_Aim of the task_: The entries below must be retyped in full. Keep every word the same.

[[ Material supplied, beginning ]]

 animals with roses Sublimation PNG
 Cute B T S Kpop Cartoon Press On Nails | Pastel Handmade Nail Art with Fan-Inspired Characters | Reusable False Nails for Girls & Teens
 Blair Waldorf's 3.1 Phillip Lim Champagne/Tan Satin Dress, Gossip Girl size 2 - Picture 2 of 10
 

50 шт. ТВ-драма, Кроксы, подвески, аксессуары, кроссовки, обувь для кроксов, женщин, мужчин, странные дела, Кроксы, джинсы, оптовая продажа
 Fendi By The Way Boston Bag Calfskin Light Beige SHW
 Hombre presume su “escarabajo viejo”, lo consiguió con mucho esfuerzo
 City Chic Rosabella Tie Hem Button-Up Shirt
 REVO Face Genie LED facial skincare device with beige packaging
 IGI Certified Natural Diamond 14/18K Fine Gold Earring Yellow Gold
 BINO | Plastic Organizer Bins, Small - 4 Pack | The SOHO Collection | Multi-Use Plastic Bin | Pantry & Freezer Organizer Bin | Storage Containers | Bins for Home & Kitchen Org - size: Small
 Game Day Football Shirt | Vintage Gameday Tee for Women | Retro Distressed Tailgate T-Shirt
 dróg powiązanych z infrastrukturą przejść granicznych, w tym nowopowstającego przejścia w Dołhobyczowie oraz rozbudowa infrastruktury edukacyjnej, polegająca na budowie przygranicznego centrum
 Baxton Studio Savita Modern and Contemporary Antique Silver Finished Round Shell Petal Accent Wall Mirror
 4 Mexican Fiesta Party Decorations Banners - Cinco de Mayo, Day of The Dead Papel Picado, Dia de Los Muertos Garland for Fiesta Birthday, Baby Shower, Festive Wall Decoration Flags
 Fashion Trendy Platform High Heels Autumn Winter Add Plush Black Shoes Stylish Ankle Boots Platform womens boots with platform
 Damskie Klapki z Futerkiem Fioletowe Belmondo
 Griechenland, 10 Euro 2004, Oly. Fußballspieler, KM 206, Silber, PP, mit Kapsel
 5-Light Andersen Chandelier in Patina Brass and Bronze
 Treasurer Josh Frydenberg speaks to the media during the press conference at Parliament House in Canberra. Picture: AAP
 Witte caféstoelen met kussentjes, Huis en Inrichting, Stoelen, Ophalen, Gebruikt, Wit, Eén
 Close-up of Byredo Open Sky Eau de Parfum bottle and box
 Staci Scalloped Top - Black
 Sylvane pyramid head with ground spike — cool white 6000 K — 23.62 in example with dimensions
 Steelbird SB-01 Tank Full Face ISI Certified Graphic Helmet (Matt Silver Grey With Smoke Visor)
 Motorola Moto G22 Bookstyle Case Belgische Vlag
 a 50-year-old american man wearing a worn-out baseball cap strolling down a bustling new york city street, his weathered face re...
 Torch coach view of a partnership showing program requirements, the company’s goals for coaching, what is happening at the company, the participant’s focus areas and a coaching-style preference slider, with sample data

[[ Material supplied, end ]]

_Problem solution_:
 animals with roses Sublimation PNG
 Cute B T S Kpop Cartoon Press On Nails | Pastel Handmade Nail Art with Fan-Inspired Characters | Reusable False Nails for Girls & Teens
 Blair Waldorf's 3.1 Phillip Lim Champagne/Tan Satin Dress, Gossip Girl size 2 - Picture 2 of 10
 

50 шт. ТВ-драма, Кроксы, подвески, аксессуары, кроссовки, обувь для кроксов, женщин, мужчин, странные дела, Кроксы, джинсы, оптовая продажа
 Fendi By The Way Boston Bag Calfskin Light Beige SHW
 Hombre presume su “escarabajo viejo”, lo consiguió con mucho esfuerzo
 City Chic Rosabella Tie Hem Button-Up Shirt
 REVO Face Genie LED facial skincare device with beige packaging
 IGI Certified Natural Diamond 14/18K Fine Gold Earring Yellow Gold
 BINO | Plastic Organizer Bins, Small - 4 Pack | The SOHO Collection | Multi-Use Plastic Bin | Pantry & Freezer Organizer Bin | Storage Containers | Bins for Home & Kitchen Org - size: Small
 Game Day Football Shirt | Vintage Gameday Tee for Women | Retro Distressed Tailgate T-Shirt
 dróg powiązanych z infrastrukturą przejść granicznych, w tym nowopowstającego przejścia w Dołhobyczowie oraz rozbudowa infrastruktury edukacyjnej, polegająca na budowie przygranicznego centrum
 Baxton Studio Savita Modern and Contemporary Antique Silver Finished Round Shell Petal Accent Wall Mirror
 4 Mexican Fiesta Party Decorations Banners - Cinco de Mayo, Day of The Dead Papel Picado, Dia de Los Muertos Garland for Fiesta Birthday, Baby Shower, Festive Wall Decoration Flags
 Fashion Trendy Platform High Heels Autumn Winter Add Plush Black Shoes Stylish Ankle Boots Platform womens boots with platform
 Damskie Klapki z Futerkiem Fioletowe Belmondo
 Griechenland, 10 Euro 2004, Oly. Fußballspieler, KM 206, Silber, PP, mit Kapsel
 5-Light Andersen Chandelier in Patina Brass and Bronze
 Treasurer Josh Frydenberg speaks to the media during the press conference at Parliament House in Canberra. Picture: AAP
 Witte caféstoelen met kussentjes, Huis en Inrichting, Stoelen, Ophalen, Gebruikt, Wit, Eén
 Close-up of Byredo Open Sky Eau de Parfum bottle and box
 Staci Scalloped Top - Black
 Sylvane pyramid head with ground spike — cool white 6000 K — 23.62 in example with dimensions
 Steelbird SB-01 Tank Full Face ISI Certified Graphic Helmet (Matt Silver Grey With Smoke Visor)
 Motorola Moto G22 Bookstyle Case Belgische Vlag
 a 50-year-old american man wearing a worn-out baseball cap strolling down a bustling new york city street, his weathered face re...
 Torch coach view of a partnership showing program requirements, the company’s goals for coaching, what is happening at the company, the participant’s focus areas and a coaching-style preference slider, with sample data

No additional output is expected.